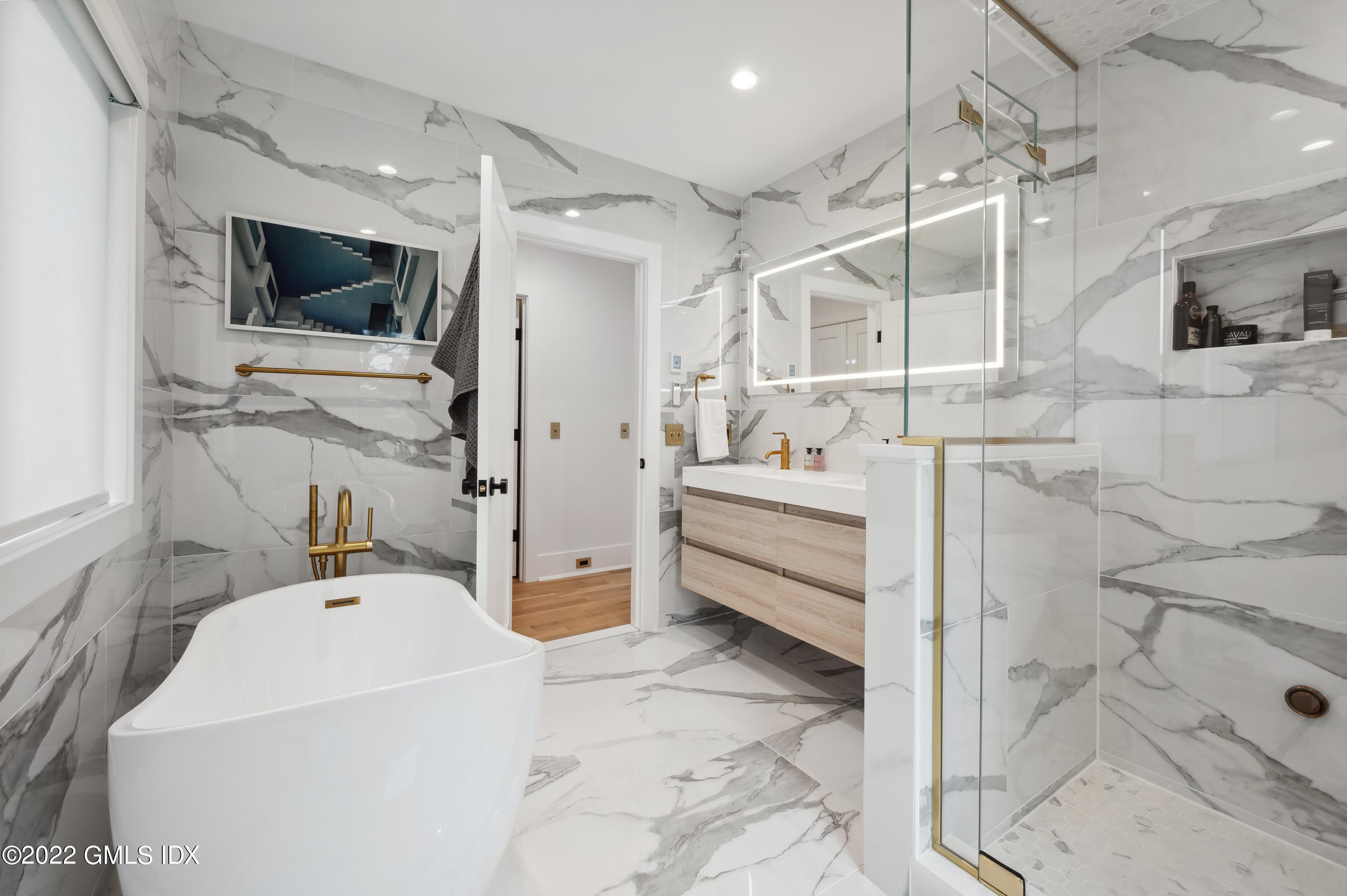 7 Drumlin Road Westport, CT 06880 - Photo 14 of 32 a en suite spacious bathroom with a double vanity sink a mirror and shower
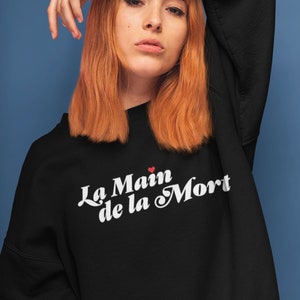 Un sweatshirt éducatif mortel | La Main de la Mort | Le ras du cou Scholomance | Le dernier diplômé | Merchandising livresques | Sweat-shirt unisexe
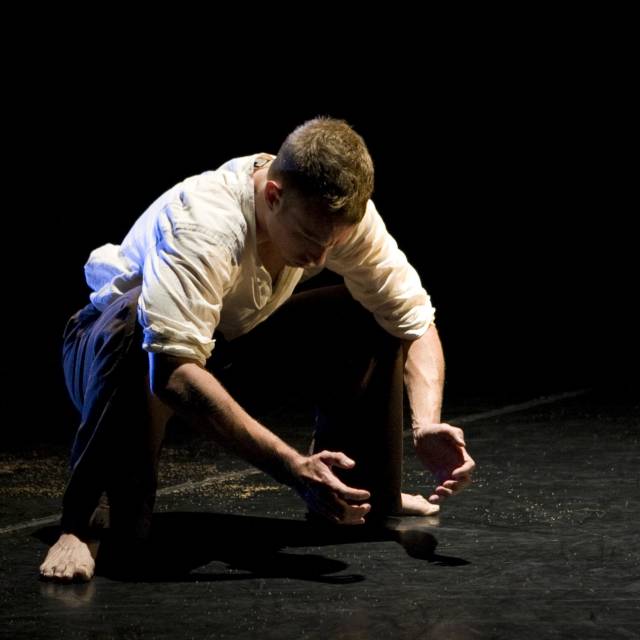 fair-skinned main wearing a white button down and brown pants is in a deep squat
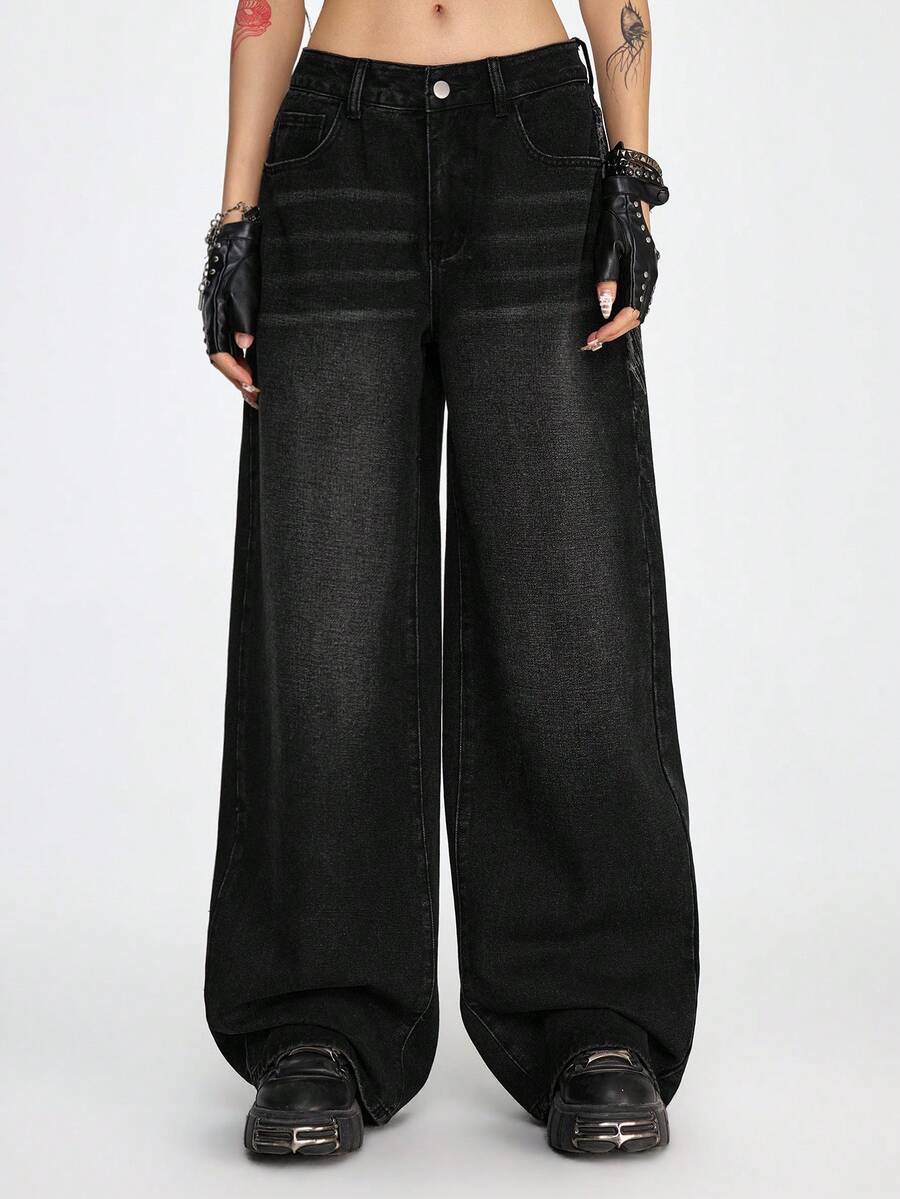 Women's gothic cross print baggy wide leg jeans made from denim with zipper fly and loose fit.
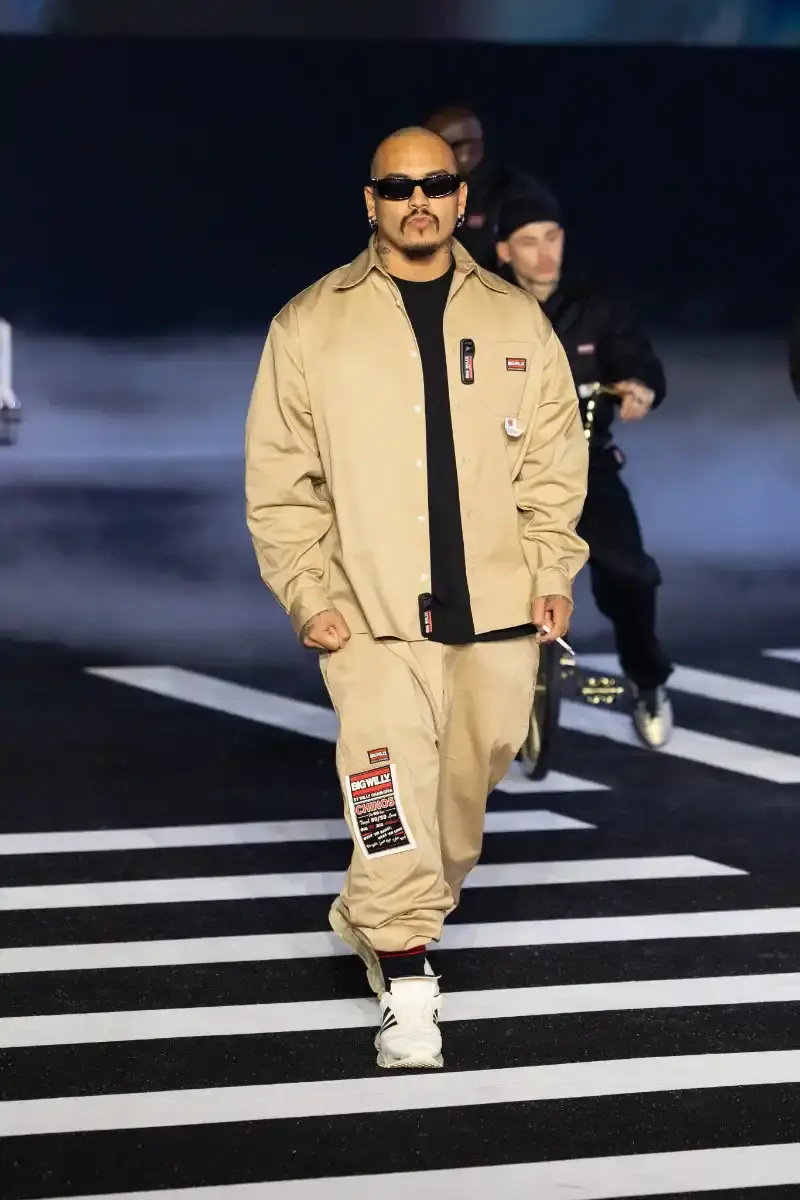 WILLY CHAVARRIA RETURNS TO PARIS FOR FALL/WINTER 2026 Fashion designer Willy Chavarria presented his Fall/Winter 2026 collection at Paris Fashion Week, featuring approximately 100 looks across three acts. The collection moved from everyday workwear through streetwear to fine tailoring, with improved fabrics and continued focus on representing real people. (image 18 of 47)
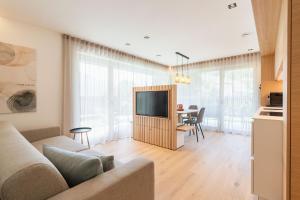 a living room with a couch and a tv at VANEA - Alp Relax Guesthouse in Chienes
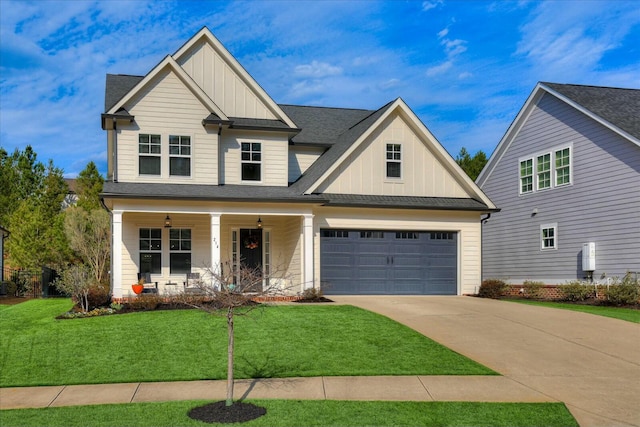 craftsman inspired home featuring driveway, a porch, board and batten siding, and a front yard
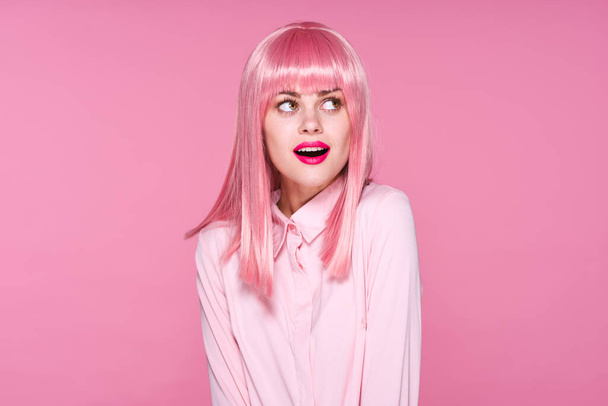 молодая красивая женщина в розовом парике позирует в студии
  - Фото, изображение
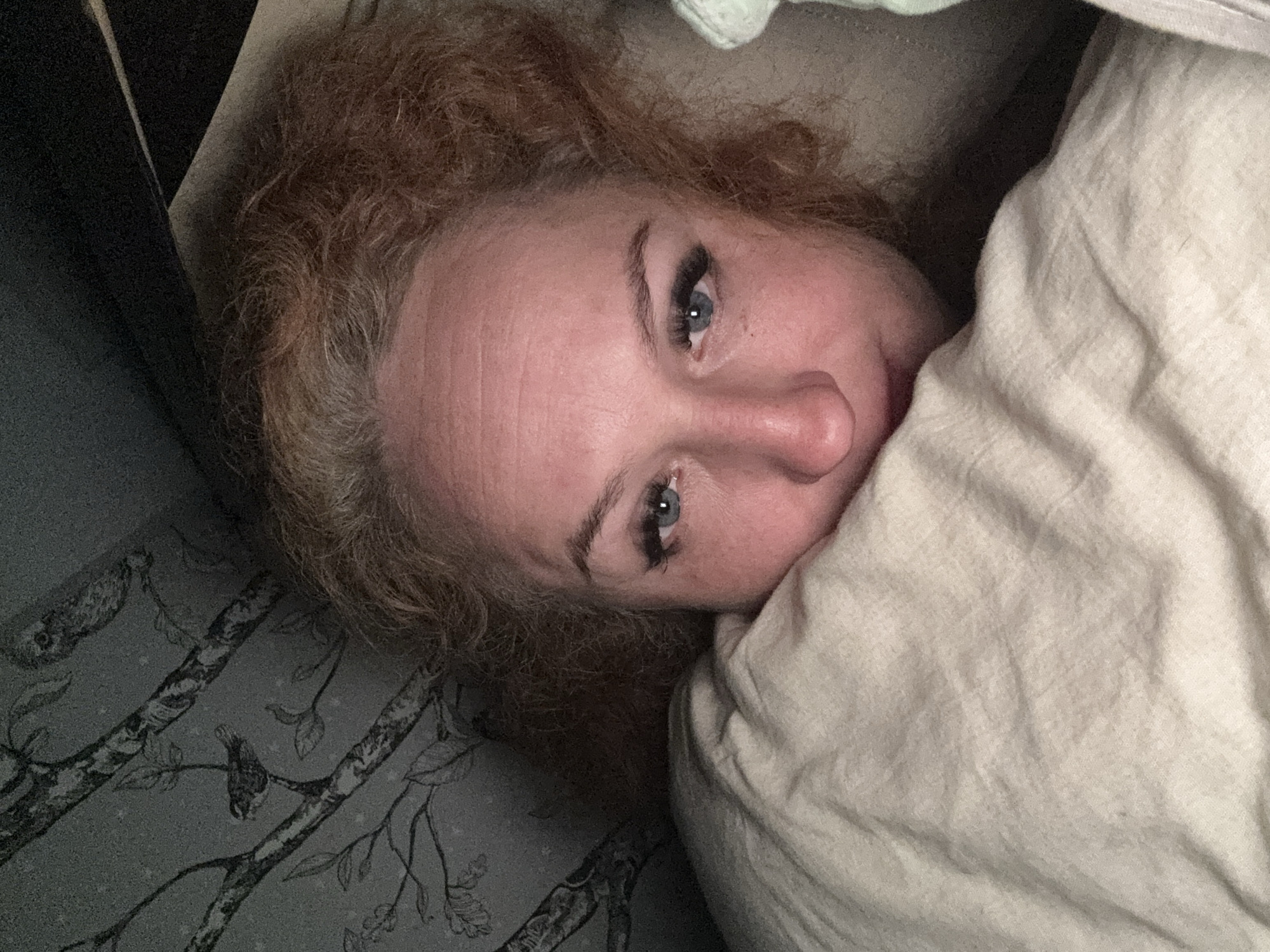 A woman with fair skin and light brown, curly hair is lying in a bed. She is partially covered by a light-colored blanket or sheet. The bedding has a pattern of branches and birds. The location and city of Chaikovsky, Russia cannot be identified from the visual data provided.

WHAT NEEDS TO BE DONE: In the listing above, find the line with "fair-skinned main wearing" and the line with "a living room". Set down both and every line between them, minus the pictures.

EXERCISE RESPONSE:
 fair-skinned main wearing a white button down and brown pants is in a deep squat
 Women's gothic cross print baggy wide leg jeans made from denim with zipper fly and loose fit.
 WILLY CHAVARRIA RETURNS TO PARIS FOR FALL/WINTER 2026 Fashion designer Willy Chavarria presented his Fall/Winter 2026 collection at Paris Fashion Week, featuring approximately 100 looks across three acts. The collection moved from everyday workwear through streetwear to fine tailoring, with improved fabrics and continued focus on representing real people. (image 18 of 47)
 a living room with a couch and a tv at VANEA - Alp Relax Guesthouse in Chienes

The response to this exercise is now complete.